In this time of preparation for the great feast of Holy Theophany, commemorating Jesus’ baptism at the hands of John, it might be useful to reflect a little on the significance of baptism in this life and death struggle that we term “unseen warfare.” An important source for that reflection can be found in St Diadochos of Photiki’s treatise “On Spiritual Knowledge and Discernment” (#76-78, Philokalia I).A 5th century anti-Monophysite father and mystical theologian, St Diadochos offers important insight into the nature of our spiritual struggle and the importance of baptism as a means of obtaining saving grace.

Diodochus had to deal with what he considered to be a dangerous heresy. “Some have imagined,” he said, “that both grace and sin—that is, the spirit of truth and the spirit of error—are hidden at the same time in the intellect [the nous or spiritual faculty that knows God through immediate experience] of the baptized.”[1] He continues:

Before holy baptism, grace encourages the soul towards good from the outside, while Satan lurks in its depths, trying to block all the intellect’s ways of approach to the divine. But from the moment that we are reborn through baptism, the demon is outside, grace is within. Thus, whereas before baptism error ruled the soul, after baptism truth rules it.”

Nevertheless, he adds, although Satan no longer dwells within the soul, he continues to exercise his influence on it “from the outside.“For those who take up the ascetic struggle against that influence and wage war against the temptations of the flesh, grace that dwells in the hidden depths of the nous can lead the person away from the “pestering by demons” and toward a full and eternal communion with the God of love.

To our modern ears this may sound somewhat too materialistic, with its understanding that baptism effects a kind of territorial transfer between Satan and grace, expelling Satan from a person’s soul and infusing it with divine grace.
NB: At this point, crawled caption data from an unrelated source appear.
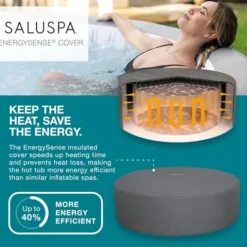 Bestway SaluSpa Grenada AirJet Inflatable Hot Tub with Non Slip Pool and Spa Seat Gray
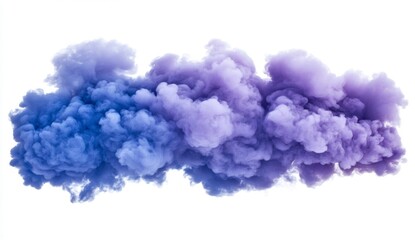 Fototapeta premium Colorful Purple and Blue Smoke Cloud on White Background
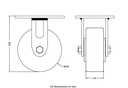 500 series 125mm fixed top plate 140x110mm castor with polyurethane on cast iron centre ball bearing wheel 500kg - Castor drawing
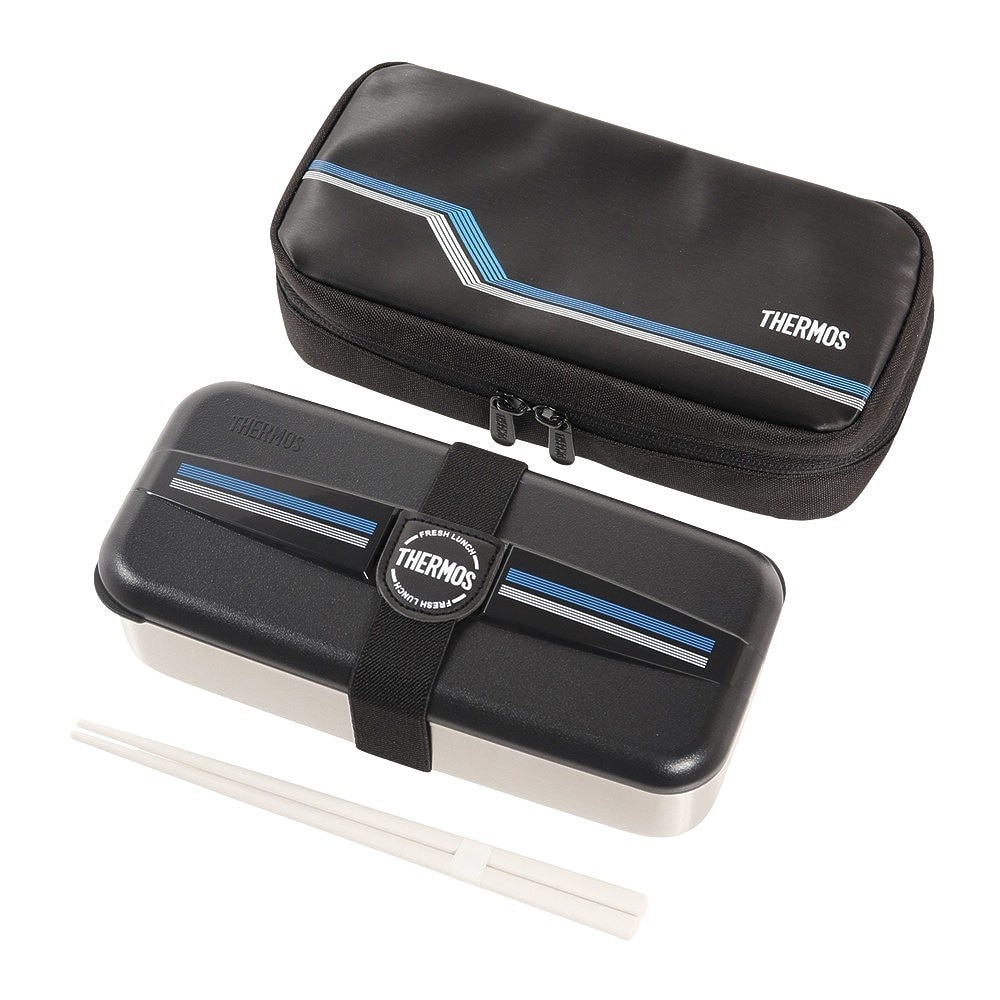 サーモス（THERMOS） ランチボックス 700ml DSD-704 L-BK 1段弁当 食洗器対応 電子レンジ対応 弁当箱 ベルト付き 仕切り 箸付き 保冷力 オフィス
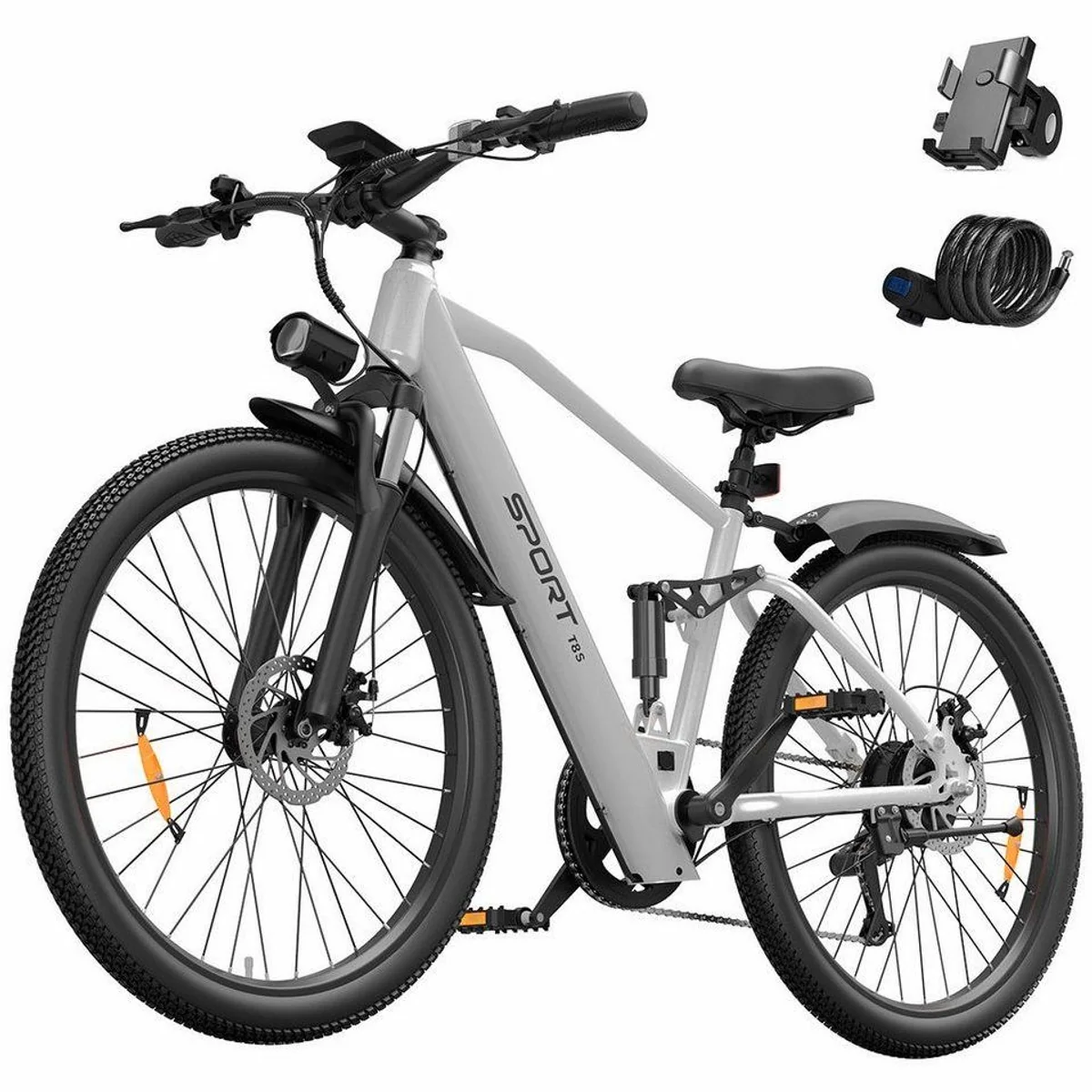 Vankel E-Bike T8S, 250W Heckmotor, 624Wh Akku, Shimano 7-Gang, 26 Zoll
Nevertheless, Diodochus understands with Saint Paul that the passions are located on the level of the “flesh,” the superficial aspect of our life; whereas grace dwells in and operates from the nous or depths of our inner being. Baptism bestows upon us sacramental grace. But there is nothing automatic about its effect. It can become “operative,” so to speak, only when we allow it to work within us, to guide and protect us in the struggle against demonic temptation. That is, only when we take up the “good fight,” by which grace (alone!) enables us to stand fast against “the principalities and powers” of this world and to journey—body, mind, soul and spirit—toward Life in God.
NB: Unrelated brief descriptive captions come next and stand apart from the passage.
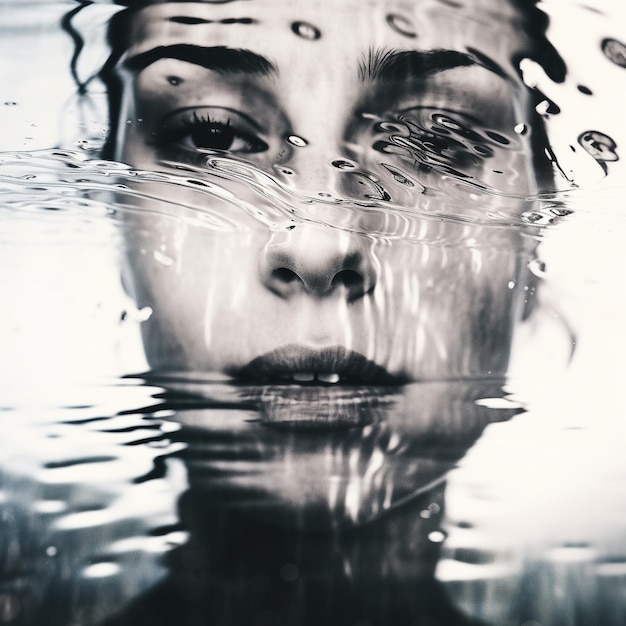 a woman's face is reflected in the water.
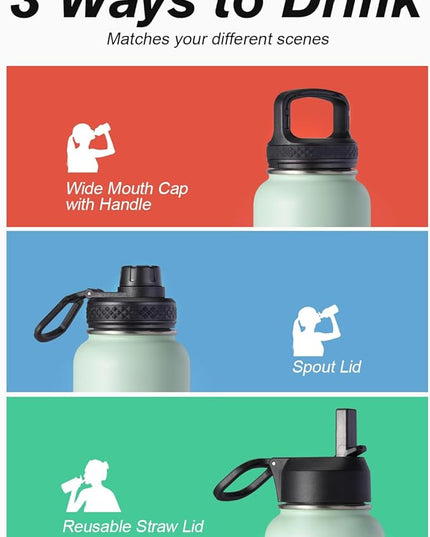 Water Bottle 32 oz Insulated with Straw, Coolflask Stainless Steel Metal 3 Lids Water Flask Wide Mouth for Sports or Office, Non-BPA Keep Cold Up to 48 Hrs or Hot Up to 24 Hrs, Ombre Green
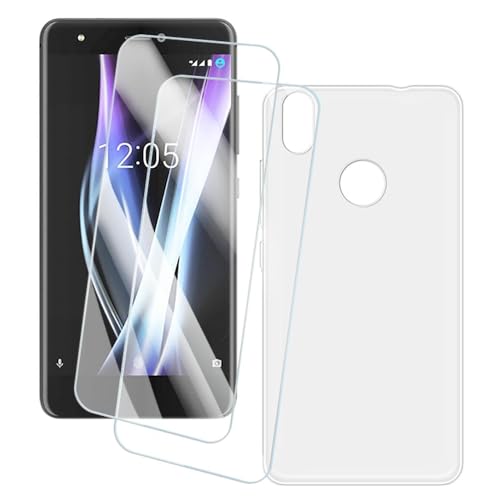 OAGELIM 2 Piezas Protector de Pantalla + Funda Compatible con BQ Aquaris X Pro (5.2 Pulgada) Funda Impresión Artística Personalizada y Cristal Templado (Blanco)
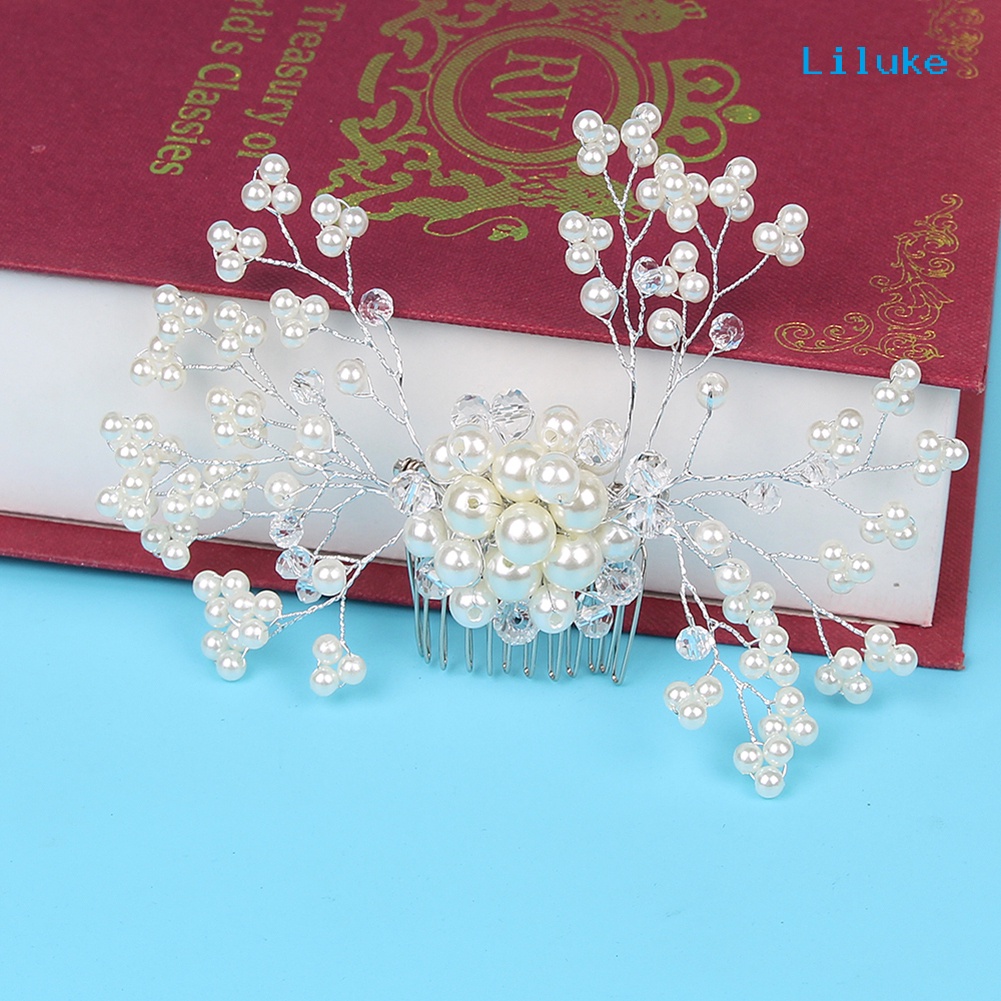 Lược Cài Tóc Nữ Họa Tiết Hoa Đính Ngọc Trai Thời Trang Thanh Lịch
All too often in our daily experience, we feel ourselves torn by warring influences, spirits of good and evil, that hold us fast in seemingly endless conflict. We want to do the good, yet evil lies close at hand. It’s easy to see why, in order to explain this tension, so many religious traditions, including our own, called on the image of dual spirits that are engaged in constant combat to attain mastery over our bodies, our minds and our feelings.

Our hope in the midst of that struggle lies precisely in baptismal grace. We have died with Christ and risen with Him in newness of life (Rom 6). This is what enables us to engage in spiritual warfare with “the hope of glory,” with the firm conviction that in and through that warfare, the One who saves us from “this body of death” is Jesus Christ our Lord (Rom 7).
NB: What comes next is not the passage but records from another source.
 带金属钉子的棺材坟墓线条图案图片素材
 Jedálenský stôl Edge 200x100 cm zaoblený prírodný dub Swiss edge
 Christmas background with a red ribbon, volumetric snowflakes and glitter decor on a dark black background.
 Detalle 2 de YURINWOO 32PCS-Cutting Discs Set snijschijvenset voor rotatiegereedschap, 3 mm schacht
Perhaps we can look at it this way. Through the grace of baptism we come to perceive the fact that the struggle between the “two spirits”—the “inclinations” toward good and evil – is one that takes place only on the level of the flesh, the powerful yet superficial dimension of our life. The Spirit whom we receive in baptism is the Spirit of Truth, who dwells within the innermost depths of our being, to protect us from Satanic influence, to liberate and sanctify us, and as “the Good One,” to save our longing souls.

[1] vol. 1 (London & Boston: Faber and Faber, 1979), 279.